Avalanche at Everest Base Camp. Sherpa Family Support

Apologies for sending this again, but the photos and links didn't work in the first one.

Three weeks ago (although it seems like much longer) the earth moved below Nepal. It destroyed countless homes, killed thousands of people, and caused a huge avalanche to sweep through Everest Base Camp, killing and injuring many of those in its path. For those who know and love the beautiful country of Nepal and its people, and even for those who don't, the devastation caused by the earthquake has been heartbreaking. We all want to help these people, whose kindness and generosity know no bounds, and who have now lost everything. 

I have spent a lot of time at Everest Base Camp. Months of my life have been spent living in a tent in this beautiful but barren desert of rock and ice surrounded by some of the highest
mountains in the world. I first went out there in 2003 and the following year I was privileged enough to stand on the summit of Everest with Sherpa Ang Nuru, a boy with whom I felt so safe and I know I was lucky to be climbing with him as my partner. I have been to Everest Base Camp almost every year since then, sometimes twice a year, either helping out on expeditions or leading treks. During this time the Sherpas who work with us have become my friends. They welcome me into their houses when I pass through their village and willingly share what little they have with me. Many of them come from the village of Pangboche, which for us mere mortals is 2 or 3 days walk from Base Camp, but they will do the same walk in a day!

On that terrible day when the earthquake struck, three of our Sherpas died. Our base camp took the full force of the avalanche and was completely destroyed. The avalanche came off the mountain of Pumori which is directly behind our camp. No one in their tents had any chance. It was just a stroke of luck that most people had gone up to Camp 1 only that morning, very early. Terrifying as it was being at Camp 1 in thick mist with avalanches thundering down all around from the faces of Nuptse and Everest, it was as nothing to the death and destruction that had just occurred at base camp. Unfortunately Pasang Temba, who had been our Camp 2 cook for nearly 20 years, was killed, as was Kumar our cheerful, always smiling kitchen assistant, together with Tenzing, a climbing Sherpa for whom nothing was ever too much trouble. All these men leave families. Between them they had 9 children and 1 grandchild. And to make matters worse, Pasang Temba's  house was destroyed in the earthquake, as was Ang Nuru's. They are now living in tents. The village of Pangboche where they live is at almost 4,000 metres (13,000 feet), which is the summit height of many alpine mountains and it is cold up there! We need to help them... Well I, at least, am determined to help them and I am hoping that some of you may help too.
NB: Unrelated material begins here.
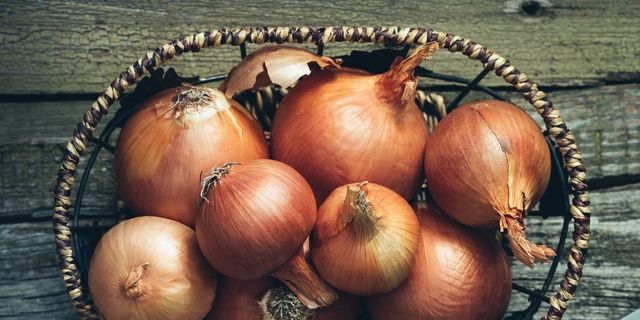 Yellow onion, Vegetable, Onion, Shallot, Food, Plant, Produce, Red onion, Allium, Pearl onion, 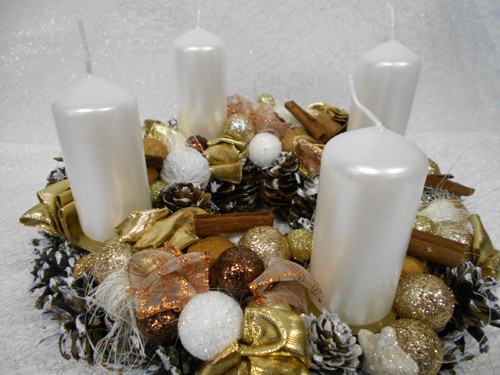 Adventní věneček – zlato - bronzový — foto 3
A few days ago Ang Nuru rang me from Namche Bazaar and said "we don't know what to do.." I said to him "don't worry we will help you," not knowing quite how but just knowing that somehow we WILL help them. I know that anything is possible... I learnt that when I climbed Everest. So I then gave Ang Nuru a list of questions which I needed answers to with regard to the rebuilding costs, what materials are needed etc, which he himself could not answer, but which he knew our Sirdar (head climbing Sherpa) Kame, could. Ang Nuru said he would go immediately to Pangboche to see Kame, which entails a 6 hour walk! So Ang Nuru walked to Pangboche that afternoon, got the answers from Kame and walked all the way back to Namche the next day so he could ring me back with the answers! How can we NOT help these people???!!! Ang Nuru was SO grateful for the promise of our help, he couldn't stop saying thank you. I know this boy so well. We have shared so much together and I can tell from his voice that we are a ray of hope in a seemingly desperate situation. After that call I sat down and cried. Feeling helpless, wanting to reach out and hug him. Wanting to make it alright. I trusted this boy with my life on the mountain and he looked after me so well. It is now time to do something for him, and for the other Sherpas who lost their lives working for us. 

Many of you reading this will have been to the Khumbu, either climbing or trekking, perhaps even with me, and some of you will personally know the Sherpas I am talking about. I know you will agree when I say that the Sherpas are such lovely people. They are so kind, so generous, so willing and glad to share what little they have that I, who have so much more in material terms, feel humbled and inadequate, knowing that in reality they are the ones that can teach me. They live from their heart. Something that we here in the west have forgotten how to do. These people are such a great example to us of the true meaning of humanity. We can learn much from them. We can learn how to replace that side of our humanity that many in the west have lost. And in return we can now help them. 

If you would like to donate you can do so through this link . The money is going to go directly to the Sherpas. 

Every little helps no matter how small. It was lots of small steps that got me to the summit of Everest and we can now help these people to climb their Everest. Thank you.

With Love


p.s apologies if you have already received an email about this.